▶ [WHAT THE TASK ASKS]
Reproduce the records starting at the line that contains "2008 Scania P310-43060966" and running to the last line, exactly and in full.

:::::

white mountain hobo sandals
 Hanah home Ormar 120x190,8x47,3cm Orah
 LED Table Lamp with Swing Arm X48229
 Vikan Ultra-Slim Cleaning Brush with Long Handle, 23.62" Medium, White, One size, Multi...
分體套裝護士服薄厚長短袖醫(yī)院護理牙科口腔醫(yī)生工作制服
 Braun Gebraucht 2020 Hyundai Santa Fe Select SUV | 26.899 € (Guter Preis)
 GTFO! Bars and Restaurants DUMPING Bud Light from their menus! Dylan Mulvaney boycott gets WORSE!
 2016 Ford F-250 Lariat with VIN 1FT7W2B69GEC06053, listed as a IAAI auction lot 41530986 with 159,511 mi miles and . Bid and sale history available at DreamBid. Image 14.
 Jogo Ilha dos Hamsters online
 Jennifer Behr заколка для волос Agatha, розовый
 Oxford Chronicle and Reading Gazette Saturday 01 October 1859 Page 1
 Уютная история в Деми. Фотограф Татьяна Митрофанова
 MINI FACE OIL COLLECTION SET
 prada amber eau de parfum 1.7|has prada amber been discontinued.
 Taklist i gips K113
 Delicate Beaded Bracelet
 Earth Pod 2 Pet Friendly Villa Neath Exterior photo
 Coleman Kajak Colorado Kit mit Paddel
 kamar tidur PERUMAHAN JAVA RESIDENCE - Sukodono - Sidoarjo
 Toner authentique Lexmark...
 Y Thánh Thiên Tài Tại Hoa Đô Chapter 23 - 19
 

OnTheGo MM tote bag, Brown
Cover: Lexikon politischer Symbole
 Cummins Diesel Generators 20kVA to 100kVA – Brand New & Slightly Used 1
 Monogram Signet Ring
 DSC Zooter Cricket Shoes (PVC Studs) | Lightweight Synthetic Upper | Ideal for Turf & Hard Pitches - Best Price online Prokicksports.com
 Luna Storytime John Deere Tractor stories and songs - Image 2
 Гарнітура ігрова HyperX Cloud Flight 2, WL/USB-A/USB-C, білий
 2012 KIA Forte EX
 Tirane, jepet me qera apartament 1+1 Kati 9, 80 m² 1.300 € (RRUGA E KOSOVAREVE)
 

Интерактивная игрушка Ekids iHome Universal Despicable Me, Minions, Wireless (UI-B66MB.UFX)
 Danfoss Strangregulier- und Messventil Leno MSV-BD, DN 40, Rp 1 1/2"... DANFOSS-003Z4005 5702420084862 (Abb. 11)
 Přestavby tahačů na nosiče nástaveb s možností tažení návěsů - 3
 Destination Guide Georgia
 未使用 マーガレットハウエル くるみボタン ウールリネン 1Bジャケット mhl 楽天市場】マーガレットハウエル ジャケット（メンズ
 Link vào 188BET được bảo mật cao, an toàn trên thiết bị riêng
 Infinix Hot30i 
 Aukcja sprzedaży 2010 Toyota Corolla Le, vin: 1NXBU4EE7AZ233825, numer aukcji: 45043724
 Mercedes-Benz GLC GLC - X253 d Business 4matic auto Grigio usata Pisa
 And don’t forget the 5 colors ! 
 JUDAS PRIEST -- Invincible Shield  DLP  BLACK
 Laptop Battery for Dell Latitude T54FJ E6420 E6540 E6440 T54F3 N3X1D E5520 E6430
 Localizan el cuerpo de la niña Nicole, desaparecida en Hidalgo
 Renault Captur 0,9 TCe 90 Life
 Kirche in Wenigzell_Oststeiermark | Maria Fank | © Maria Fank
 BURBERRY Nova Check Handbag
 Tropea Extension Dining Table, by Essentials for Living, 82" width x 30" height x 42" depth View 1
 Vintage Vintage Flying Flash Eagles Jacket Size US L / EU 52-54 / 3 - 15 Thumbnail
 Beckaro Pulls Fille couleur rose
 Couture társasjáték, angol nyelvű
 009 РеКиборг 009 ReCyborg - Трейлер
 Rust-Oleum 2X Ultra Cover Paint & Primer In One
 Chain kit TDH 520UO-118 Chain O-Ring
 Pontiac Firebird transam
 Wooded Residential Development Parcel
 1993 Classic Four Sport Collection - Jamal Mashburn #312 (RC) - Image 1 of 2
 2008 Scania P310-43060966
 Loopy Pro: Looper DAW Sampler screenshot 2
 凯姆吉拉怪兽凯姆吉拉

:::::

▶ [FINISHED TASK]
 2008 Scania P310-43060966
 Loopy Pro: Looper DAW Sampler screenshot 2
 凯姆吉拉怪兽凯姆吉拉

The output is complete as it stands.